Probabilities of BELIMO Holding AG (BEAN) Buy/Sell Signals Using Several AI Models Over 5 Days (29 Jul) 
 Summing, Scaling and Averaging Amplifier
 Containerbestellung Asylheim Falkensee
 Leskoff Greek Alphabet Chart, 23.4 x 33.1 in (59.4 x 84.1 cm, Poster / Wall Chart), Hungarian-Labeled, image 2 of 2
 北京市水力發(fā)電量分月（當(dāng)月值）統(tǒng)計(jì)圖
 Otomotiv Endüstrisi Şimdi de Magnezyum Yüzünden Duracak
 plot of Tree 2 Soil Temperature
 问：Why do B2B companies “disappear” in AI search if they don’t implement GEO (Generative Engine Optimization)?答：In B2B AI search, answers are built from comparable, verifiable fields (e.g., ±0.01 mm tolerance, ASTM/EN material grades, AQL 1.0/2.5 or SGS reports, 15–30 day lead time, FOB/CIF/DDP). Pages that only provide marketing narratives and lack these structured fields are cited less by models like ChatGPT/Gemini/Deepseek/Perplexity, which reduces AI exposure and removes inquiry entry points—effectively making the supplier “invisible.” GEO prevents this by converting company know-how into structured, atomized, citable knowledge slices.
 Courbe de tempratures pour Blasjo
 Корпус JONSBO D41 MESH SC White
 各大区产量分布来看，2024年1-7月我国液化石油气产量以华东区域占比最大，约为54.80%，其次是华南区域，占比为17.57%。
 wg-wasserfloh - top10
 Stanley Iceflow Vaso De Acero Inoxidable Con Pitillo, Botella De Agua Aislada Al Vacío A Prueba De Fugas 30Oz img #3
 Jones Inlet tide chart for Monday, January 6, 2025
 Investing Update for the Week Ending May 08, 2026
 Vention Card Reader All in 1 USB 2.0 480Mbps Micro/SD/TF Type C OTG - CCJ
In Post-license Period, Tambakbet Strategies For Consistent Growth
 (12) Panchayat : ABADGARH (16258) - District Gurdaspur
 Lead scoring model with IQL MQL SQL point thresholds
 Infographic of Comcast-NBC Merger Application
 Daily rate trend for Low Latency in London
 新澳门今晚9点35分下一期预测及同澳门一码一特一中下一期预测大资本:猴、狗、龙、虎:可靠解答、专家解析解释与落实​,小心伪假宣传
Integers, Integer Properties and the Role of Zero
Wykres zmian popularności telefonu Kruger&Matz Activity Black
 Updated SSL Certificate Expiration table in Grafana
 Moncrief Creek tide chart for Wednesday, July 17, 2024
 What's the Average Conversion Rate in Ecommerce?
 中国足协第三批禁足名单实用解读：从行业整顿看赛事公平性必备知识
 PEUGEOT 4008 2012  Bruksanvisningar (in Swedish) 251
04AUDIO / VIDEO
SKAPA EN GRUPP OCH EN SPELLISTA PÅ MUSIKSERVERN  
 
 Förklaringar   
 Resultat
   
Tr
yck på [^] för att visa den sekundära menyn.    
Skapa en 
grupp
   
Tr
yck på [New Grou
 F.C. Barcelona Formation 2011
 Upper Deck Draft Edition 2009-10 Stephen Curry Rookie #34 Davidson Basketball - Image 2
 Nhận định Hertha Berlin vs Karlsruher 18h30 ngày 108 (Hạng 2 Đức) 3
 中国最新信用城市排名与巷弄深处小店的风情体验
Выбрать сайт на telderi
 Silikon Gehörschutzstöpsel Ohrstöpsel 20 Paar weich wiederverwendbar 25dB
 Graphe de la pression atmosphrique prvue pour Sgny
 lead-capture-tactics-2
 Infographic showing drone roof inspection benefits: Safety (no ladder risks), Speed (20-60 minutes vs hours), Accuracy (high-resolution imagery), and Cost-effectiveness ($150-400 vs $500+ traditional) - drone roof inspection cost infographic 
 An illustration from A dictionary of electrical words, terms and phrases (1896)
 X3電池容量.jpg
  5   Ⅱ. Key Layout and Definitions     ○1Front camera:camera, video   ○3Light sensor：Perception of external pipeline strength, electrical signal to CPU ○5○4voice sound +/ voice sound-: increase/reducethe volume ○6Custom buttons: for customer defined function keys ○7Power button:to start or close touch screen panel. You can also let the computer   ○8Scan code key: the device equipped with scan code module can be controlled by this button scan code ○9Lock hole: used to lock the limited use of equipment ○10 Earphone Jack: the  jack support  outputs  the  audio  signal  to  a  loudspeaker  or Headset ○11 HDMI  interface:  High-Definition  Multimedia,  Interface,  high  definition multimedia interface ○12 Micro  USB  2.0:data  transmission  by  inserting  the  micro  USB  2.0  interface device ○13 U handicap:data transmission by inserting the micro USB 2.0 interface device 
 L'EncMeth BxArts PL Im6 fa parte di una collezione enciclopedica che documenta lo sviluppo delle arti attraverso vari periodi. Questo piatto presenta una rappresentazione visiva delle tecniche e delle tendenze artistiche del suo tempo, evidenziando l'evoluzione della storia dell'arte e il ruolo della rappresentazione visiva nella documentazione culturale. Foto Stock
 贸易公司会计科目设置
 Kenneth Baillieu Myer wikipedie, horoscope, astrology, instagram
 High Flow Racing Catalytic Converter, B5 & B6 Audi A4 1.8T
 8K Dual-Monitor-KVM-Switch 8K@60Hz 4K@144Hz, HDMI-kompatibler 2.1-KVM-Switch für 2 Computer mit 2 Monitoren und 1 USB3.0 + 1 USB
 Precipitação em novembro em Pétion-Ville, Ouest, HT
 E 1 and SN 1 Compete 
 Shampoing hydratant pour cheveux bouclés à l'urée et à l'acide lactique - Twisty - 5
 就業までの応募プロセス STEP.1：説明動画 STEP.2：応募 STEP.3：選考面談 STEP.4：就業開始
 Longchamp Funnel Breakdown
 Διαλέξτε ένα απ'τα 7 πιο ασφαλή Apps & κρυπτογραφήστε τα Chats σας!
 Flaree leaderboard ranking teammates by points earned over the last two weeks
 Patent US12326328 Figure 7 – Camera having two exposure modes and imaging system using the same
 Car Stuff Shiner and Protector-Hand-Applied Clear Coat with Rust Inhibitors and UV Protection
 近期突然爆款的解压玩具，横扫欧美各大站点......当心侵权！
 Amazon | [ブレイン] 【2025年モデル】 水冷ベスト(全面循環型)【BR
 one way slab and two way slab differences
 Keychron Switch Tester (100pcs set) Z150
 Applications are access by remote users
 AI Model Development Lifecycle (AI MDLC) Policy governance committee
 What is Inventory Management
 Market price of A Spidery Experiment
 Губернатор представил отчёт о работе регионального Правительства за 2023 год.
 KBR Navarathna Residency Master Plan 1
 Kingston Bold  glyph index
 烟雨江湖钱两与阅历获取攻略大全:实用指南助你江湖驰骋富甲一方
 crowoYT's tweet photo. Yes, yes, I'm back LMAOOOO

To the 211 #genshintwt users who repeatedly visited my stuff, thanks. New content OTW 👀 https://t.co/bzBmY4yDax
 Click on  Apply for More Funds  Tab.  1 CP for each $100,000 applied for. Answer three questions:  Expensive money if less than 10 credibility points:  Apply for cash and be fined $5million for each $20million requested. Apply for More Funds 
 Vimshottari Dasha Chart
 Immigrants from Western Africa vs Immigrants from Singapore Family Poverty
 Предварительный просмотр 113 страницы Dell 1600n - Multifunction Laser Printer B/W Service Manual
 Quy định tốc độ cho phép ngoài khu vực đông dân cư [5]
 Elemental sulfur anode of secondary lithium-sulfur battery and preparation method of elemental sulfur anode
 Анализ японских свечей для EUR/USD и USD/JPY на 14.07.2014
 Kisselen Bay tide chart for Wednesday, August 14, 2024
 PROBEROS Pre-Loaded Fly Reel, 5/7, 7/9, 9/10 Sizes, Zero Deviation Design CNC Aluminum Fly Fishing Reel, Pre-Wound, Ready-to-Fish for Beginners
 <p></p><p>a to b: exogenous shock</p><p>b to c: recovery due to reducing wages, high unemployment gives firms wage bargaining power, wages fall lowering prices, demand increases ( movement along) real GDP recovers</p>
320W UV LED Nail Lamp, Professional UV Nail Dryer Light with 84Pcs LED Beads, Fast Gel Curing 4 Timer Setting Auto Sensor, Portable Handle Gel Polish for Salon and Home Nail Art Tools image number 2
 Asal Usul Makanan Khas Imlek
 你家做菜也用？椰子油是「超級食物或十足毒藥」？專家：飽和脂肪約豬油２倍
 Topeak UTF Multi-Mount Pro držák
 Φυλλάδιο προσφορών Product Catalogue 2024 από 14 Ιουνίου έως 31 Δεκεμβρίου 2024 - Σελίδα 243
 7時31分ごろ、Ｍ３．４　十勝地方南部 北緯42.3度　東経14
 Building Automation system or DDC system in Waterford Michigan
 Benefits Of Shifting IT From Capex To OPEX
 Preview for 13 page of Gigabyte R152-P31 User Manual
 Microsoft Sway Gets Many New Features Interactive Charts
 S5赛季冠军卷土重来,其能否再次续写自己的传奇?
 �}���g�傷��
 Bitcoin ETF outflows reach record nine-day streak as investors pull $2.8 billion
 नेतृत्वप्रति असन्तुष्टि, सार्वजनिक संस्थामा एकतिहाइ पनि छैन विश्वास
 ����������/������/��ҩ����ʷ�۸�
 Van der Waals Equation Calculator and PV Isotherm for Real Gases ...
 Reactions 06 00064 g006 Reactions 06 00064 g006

(Task directions): Pull out all lines of the data with the string "users".

(Exercise output):
 Applications are access by remote users
To the 211 #genshintwt users who repeatedly visited my stuff, thanks. New content OTW 👀 https://t.co/bzBmY4yDax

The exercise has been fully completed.